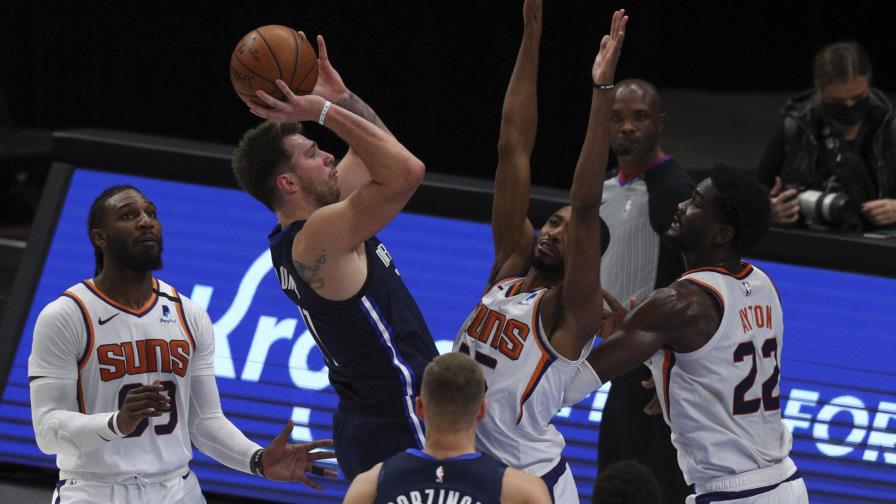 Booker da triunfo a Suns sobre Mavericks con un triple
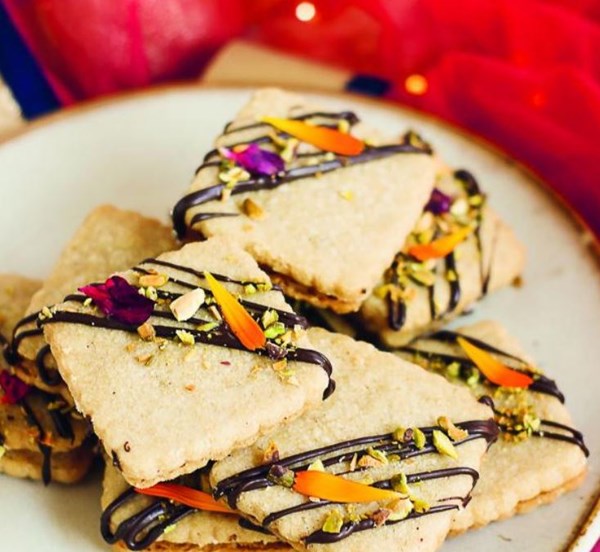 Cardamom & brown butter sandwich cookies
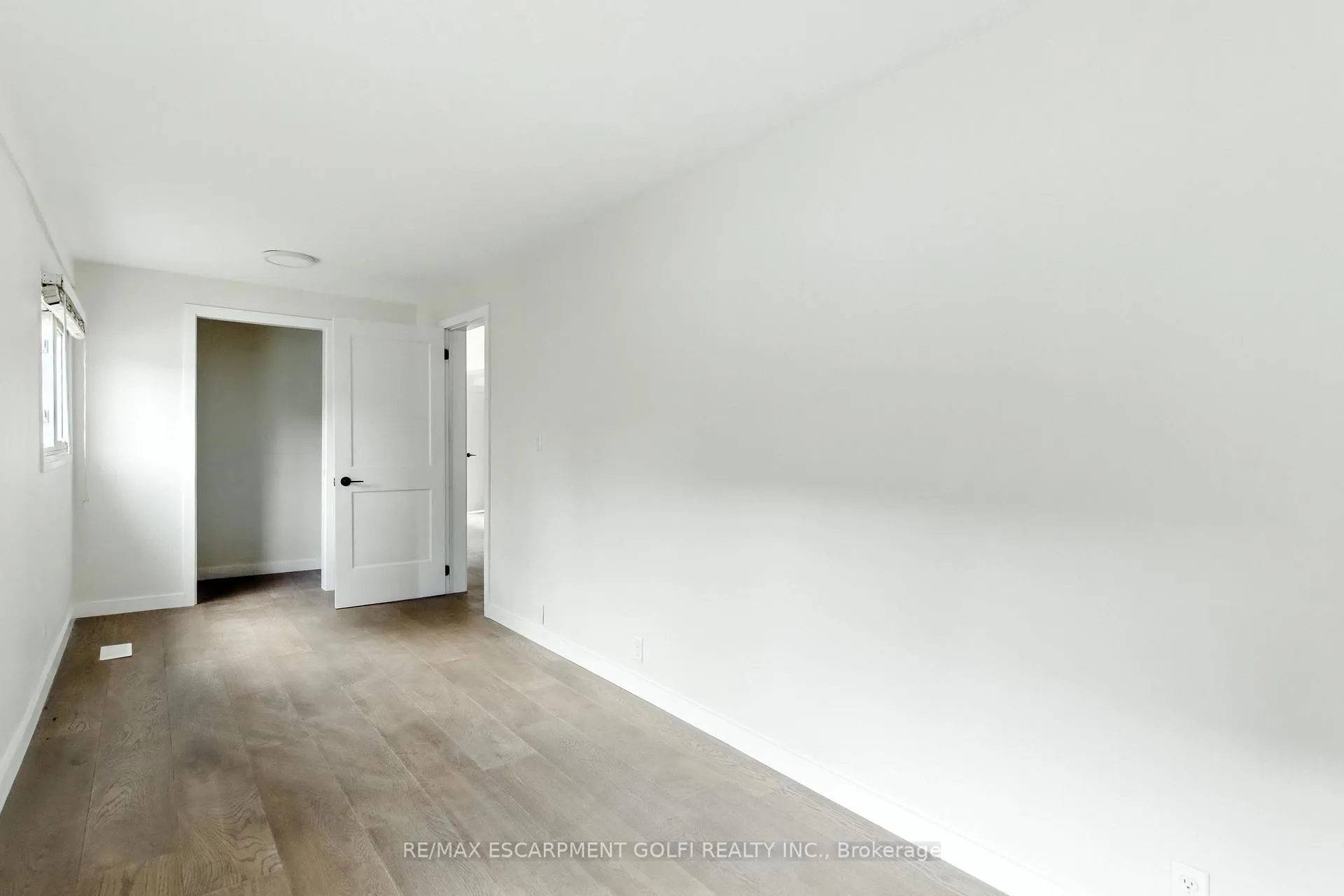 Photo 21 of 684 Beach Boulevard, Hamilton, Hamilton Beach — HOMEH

■ ■ ■

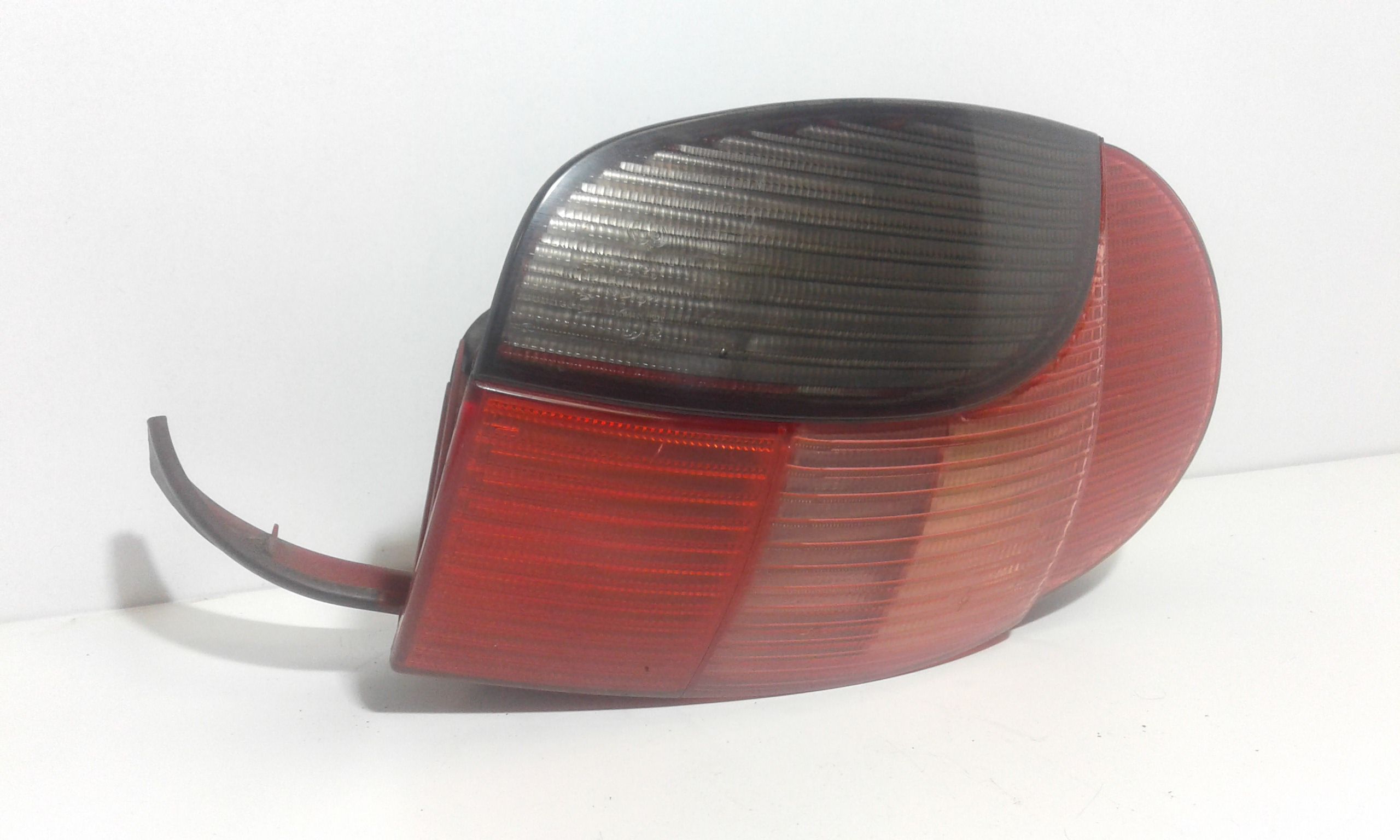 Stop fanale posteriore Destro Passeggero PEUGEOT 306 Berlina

■ ■ ■

→ EXERCISE: Copy needed, without pictures: the lines of the listing above from the line containing "Cardamom & brown butter sandwich cookies" up to and including the line containing "Photo 21 of", set down exactly.

→ ANSWER BOX:
 Cardamom & brown butter sandwich cookies
 Photo 21 of 684 Beach Boulevard, Hamilton, Hamilton Beach — HOMEH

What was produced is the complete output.